Executives at the top of the index, like Brian Chesky, are savvy to this development and already use Twitter for customer feedback. Brian Chesky’s interaction with people on Twitter is an important gesture of accessibility and a good example for other CEOs to follow. However, reading through hundreds of replies is ultimately an impractical way for a CEO to get a sense of what people think of them and their company. The answer lies in analysis of big sets of data from social media. Unlike traditional polling methods and surveys, social media offers real time and ongoing access to the unsolicited opinions of millions of people around the world.
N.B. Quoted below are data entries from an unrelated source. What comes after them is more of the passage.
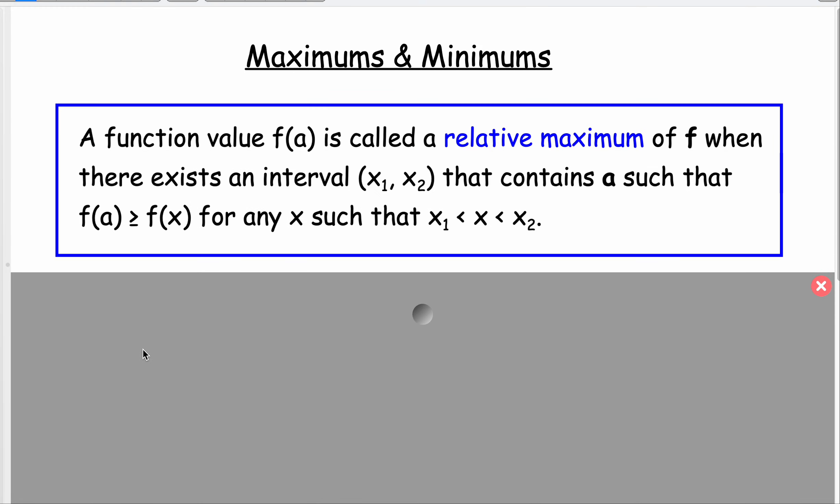Let's continue talking about graphs of functions. Local and global maximums and minimums basically are telling us high points and low points of our graph. Now these definitions you have to read through usually a couple times and think about what they're telling you. A function value f of a, which is the output value or the y value, is called a relative maximum of your function when there exists an interval,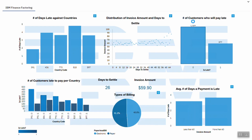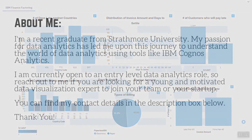The number of customers anticipated to pay late is less than those IBM anticipates to pay on time. Those who are anticipated to pay on time are 1,589 customers, while those anticipated to pay late are 877 customers. This concludes my analysis for this dataset, thank you.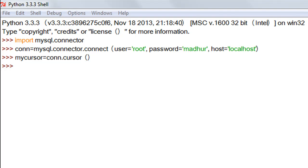Hello guys, welcome to my channel. This is the 49th tutorial in this course. In this tutorial we are going to see how we can create a MySQL database using Python, how we can switch to that database, and how we can create a table in that database. We're going to start off where we left in the last tutorial, where we understood how to import the mysql.connector module, create a connection object, create a cursor object, and execute simple SQL statements.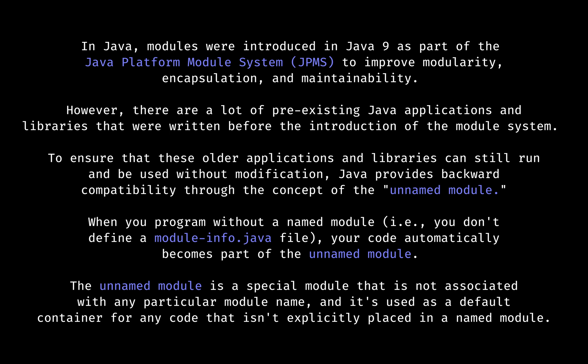If we check the module, you'll notice that it belongs to the unnamed module automatically. This is to accommodate backward compatibility.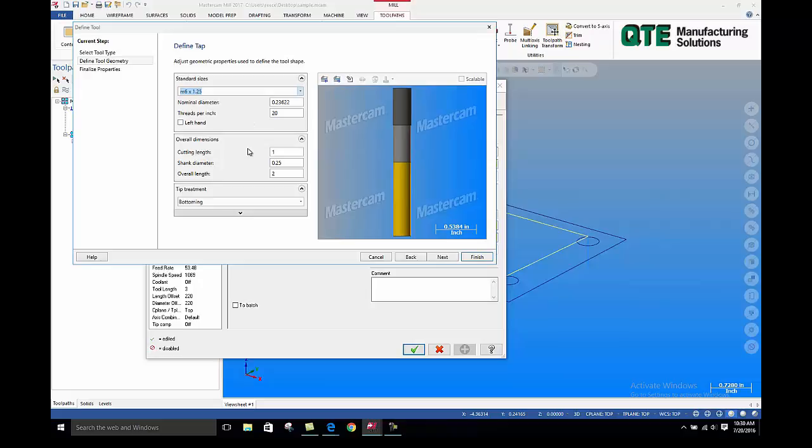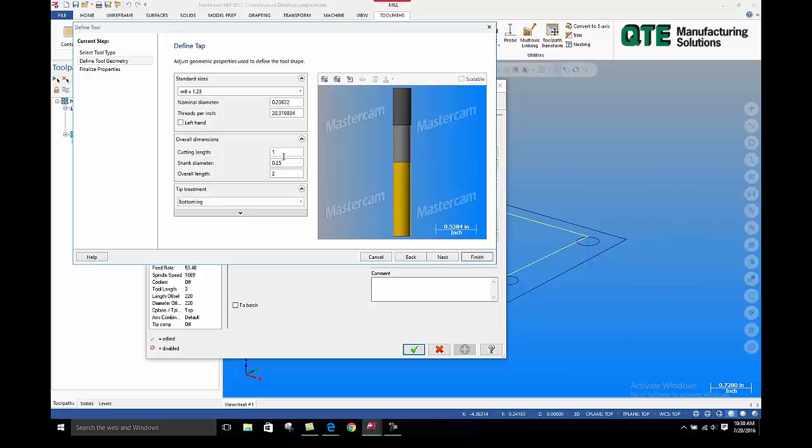That's basically 1.25 millimeters per revolution. They do not run off of threads per inch, so we have to convert the 1.25 to threads per inch. The formula for this is I use the 1.25, and I multiply it by 0.03937, which gives me feet per revolution. Now I need to convert that to threads per inch. It's very simple. You take that number and divide by 1, and it gives you threads per inch.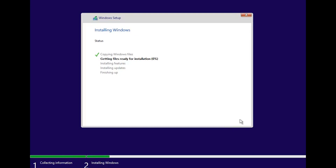Now wait for Windows to be installed. Here it is.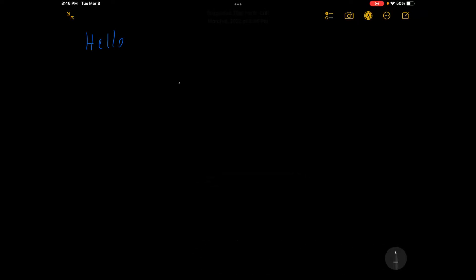Basically adding binary numbers is kind of a throwback to doing addition in grade school. Let's look at a really simple example right here. We're going to add 1, 1, 0 plus 1, 0, 1.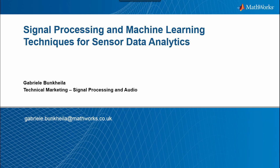Welcome to this webinar on signal processing and machine learning techniques for sensor data analytics using MATLAB. My name is Gabriele Buncaila and I'm part of the product management team here at MathWorks.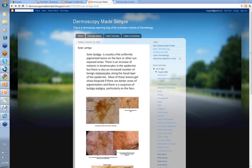Hello, my name is Ian McCall and this is a video on the Dermoscopy Made Simple series on solar lentigos.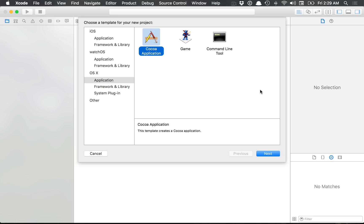Hello everyone and welcome to your 65th Cocoa programming tutorial. In this tutorial we're talking about creating Swift frameworks. If you want to create a framework that you could reuse across multiple projects, you can generate a framework and use that for basically just having reusable code.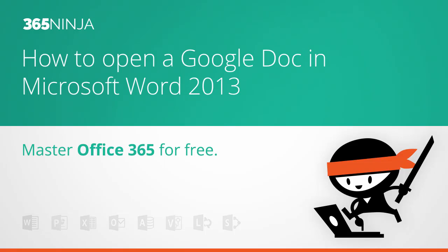Hi everyone, welcome back to 365 Ninja. My tip for you today is about opening a Google Doc with Word 2013.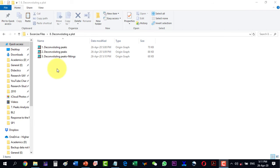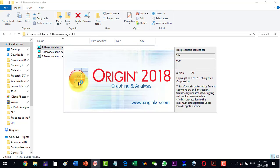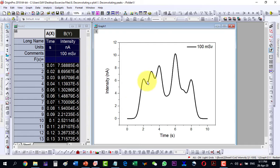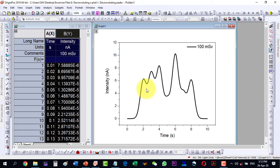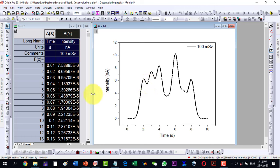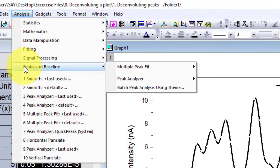In this video we will talk about how to deconvolute a collection of peaks into individual peaks. Let's open this one. I can see that this plot is a collection of five peaks, and each peak corresponds to an individual entity. Sometimes we want to calculate parameters of a given peak, so for that purpose we will have to deconvolute this plot into its individual peaks.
The availability of new opinion mining techniques combining human contributors with machine learning solves the challenge of converting large volumes of unstructured social media data into organized, decipherable insights.

Whether chief executives choose to keep their finger on the pulse of public sentiment or not, the public will continue to look to them for leadership on the most important issues facing the world – from climate change to the future of work. Those business leaders who chose to ignore Mr. Benioff’s comment – that they ought to be responsible for something more than their own profitability – may soon find that public sentiment toward them and their business takes a plunge.